RSSMRollout¶
- class torchrl.modules.RSSMRollout(*args, **kwargs)[source]¶
Rollout the RSSM network.
Given a set of encoded observations and actions, this module will rollout the RSSM network to compute all the intermediate states and beliefs. The previous posterior is used as the prior for the next time step. The forward method returns a stack of all intermediate states and beliefs.
Reference: https://arxiv.org/abs/1811.04551
- Parameters:
rssm_prior (TensorDictModule) – Prior network.
rssm_posterior (TensorDictModule) – Posterior network.
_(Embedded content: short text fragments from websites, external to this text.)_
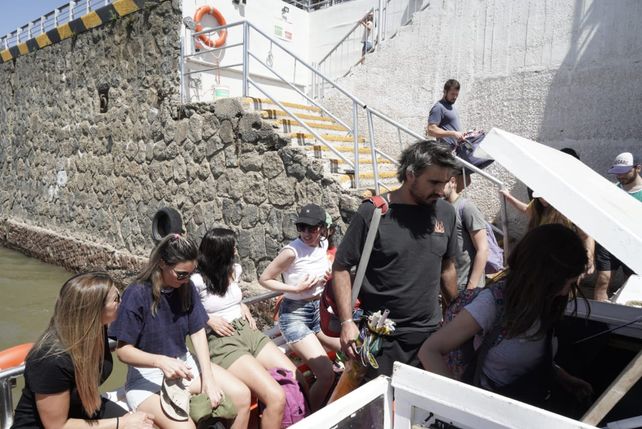 El servicio de lanchas para cruzar hacia las islas funcionará de 11 a las 16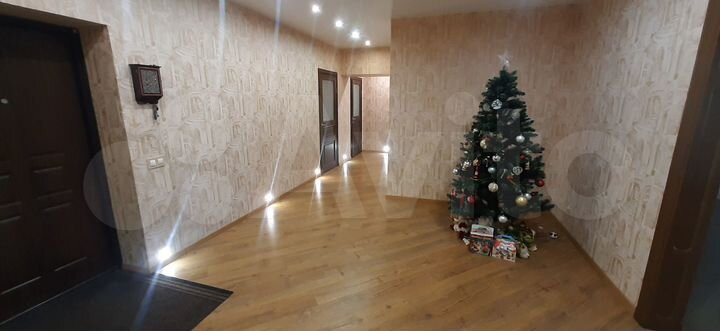 4-к. квартира, 152,9 м², 4/9 эт.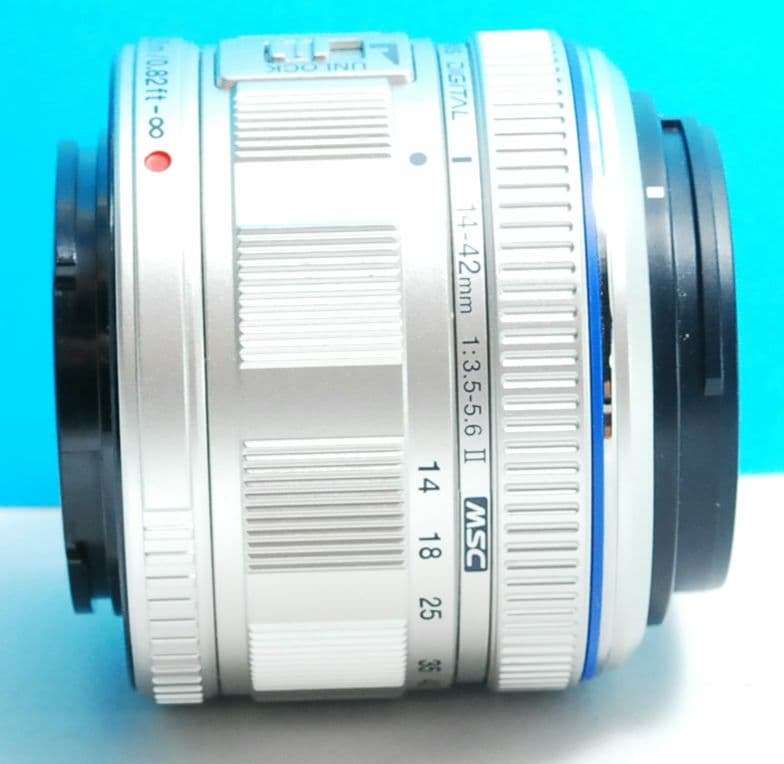 OLYMPUS 14 42 2シルバー　送料無料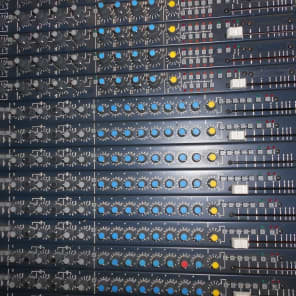 Soundcraft-8000-mixing-console-32-x-8-recording-mixer-works-great-tested image 17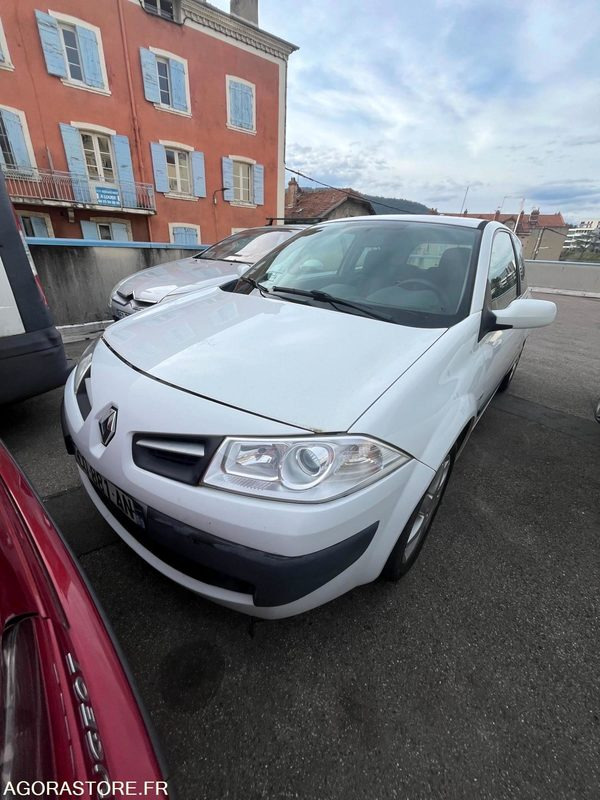 Renault MEGANE II SOCIETE AIR - 260 000 KM - 2008 - Легковой автомобиль: фото 1 Renault MEGANE II SOCIETE AIR - 260 000 KM - 2008 - Легковой автомобиль: фото 1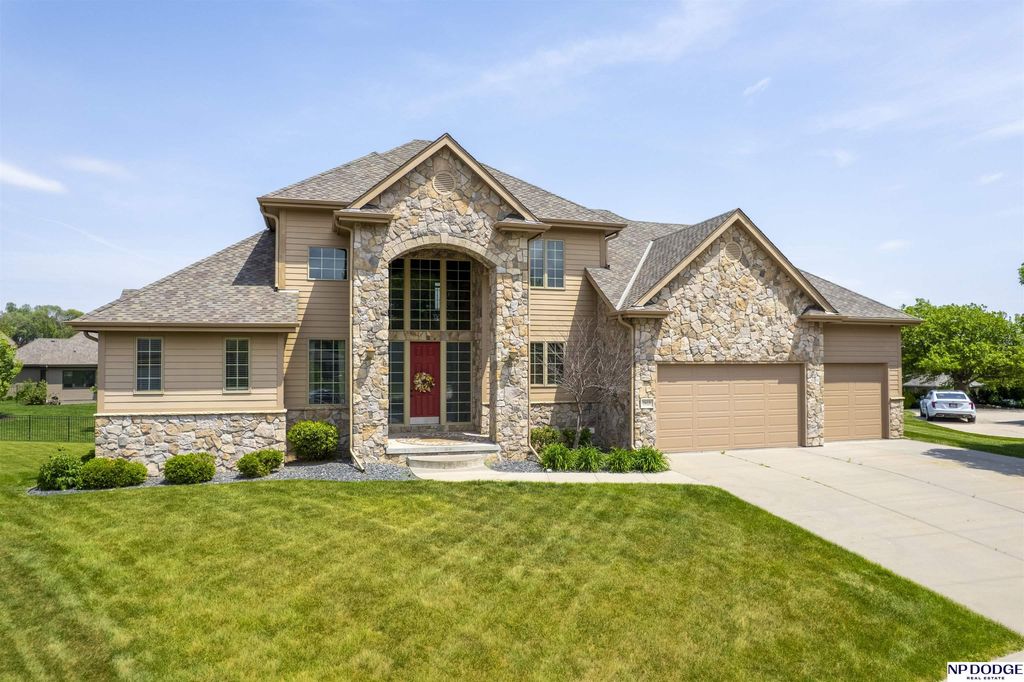7413 N 116th Avenue Circle, Omaha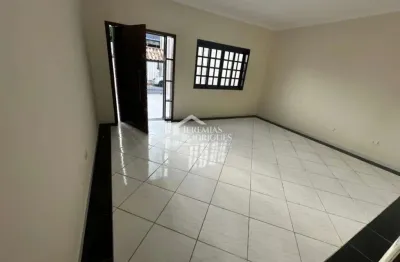 Casa para venda e locação com 4 dormitórios no centro em pindamonhangaba/sp.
use_scan (bool, optional) – If True, uses torch._higher_order_ops.scan for the rollout loop. This is more torch.compile friendly but may have different performance characteristics. Defaults to False.
compile_step (bool, optional) – If True, compiles the individual step function. Only used when use_scan=False. Defaults to False.
compile_backend (str, optional) – Backend to use for compilation. Defaults to “inductor”.
compile_mode (str, optional) – Mode to use for compilation. Defaults to None (uses PyTorch default).
- forward(tensordict)[source]¶
Runs a rollout of simulated transitions in the latent space given a sequence of actions and environment observations.
The rollout requires a belief and posterior state primer.
At each step, two probability distributions are built and sampled from:
- A prior distribution p(s_{t+1} | s_t, a_t, b_t) where b_t is a
deterministic transform of the form b_t(s_{t-1}, a_{t-1}). The previous state s_t is sampled according to the posterior distribution (see below), creating a chain of posterior-to-priors that accumulates evidence to compute a prior distribution over the current event distribution: p(s_{t+1} s_t | o_t, a_t, s_{t-1}, a_{t-1}) = p(s_{t+1} | s_t, a_t, b_t) q(s_t | b_t, o_t)
- A posterior distribution of the form q(s_{t+1} | b_{t+1}, o_{t+1})
which amends to q(s_{t+1} | s_t, a_t, o_{t+1})